◆ **Your task**:
Using the listing below, copy exactly the lines from the one containing "The hot tub at Tamarind Tide, Cornwall" to the one containing "Used 2020 Chrysler", both lines included, and no others.

◆ **Exercise data**:
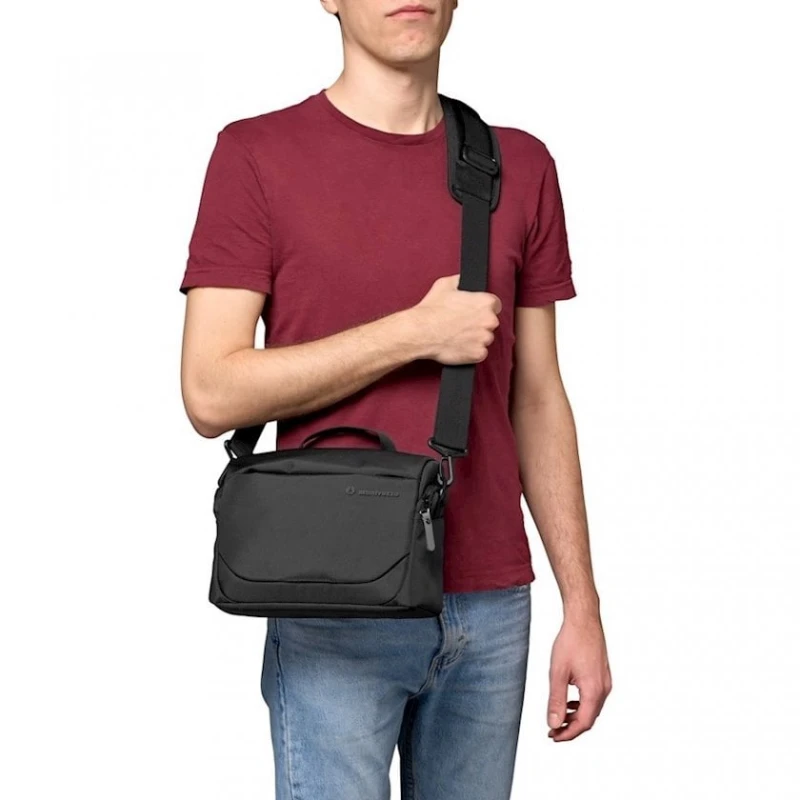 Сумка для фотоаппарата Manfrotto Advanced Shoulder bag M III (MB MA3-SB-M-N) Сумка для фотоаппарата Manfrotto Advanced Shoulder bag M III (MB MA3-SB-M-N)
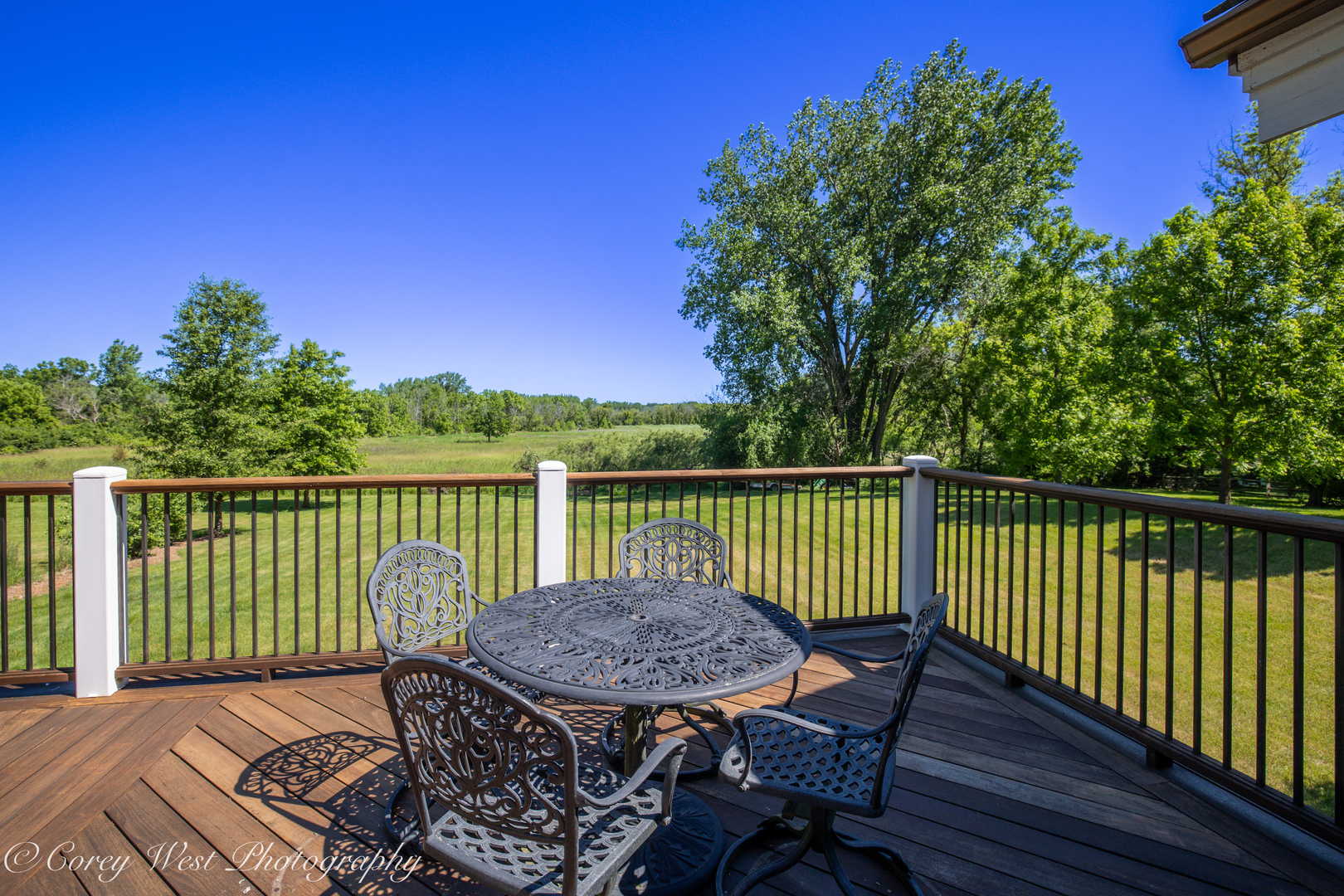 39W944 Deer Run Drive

---

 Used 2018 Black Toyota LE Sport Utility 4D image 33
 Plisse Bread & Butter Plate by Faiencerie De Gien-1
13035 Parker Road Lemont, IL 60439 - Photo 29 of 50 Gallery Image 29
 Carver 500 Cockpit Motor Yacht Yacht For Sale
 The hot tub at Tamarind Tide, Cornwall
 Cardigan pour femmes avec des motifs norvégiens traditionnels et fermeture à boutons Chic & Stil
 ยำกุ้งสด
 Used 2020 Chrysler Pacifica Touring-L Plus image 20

◆ **Your response**:
 The hot tub at Tamarind Tide, Cornwall
 Cardigan pour femmes avec des motifs norvégiens traditionnels et fermeture à boutons Chic & Stil
 ยำกุ้งสด
 Used 2020 Chrysler Pacifica Touring-L Plus image 20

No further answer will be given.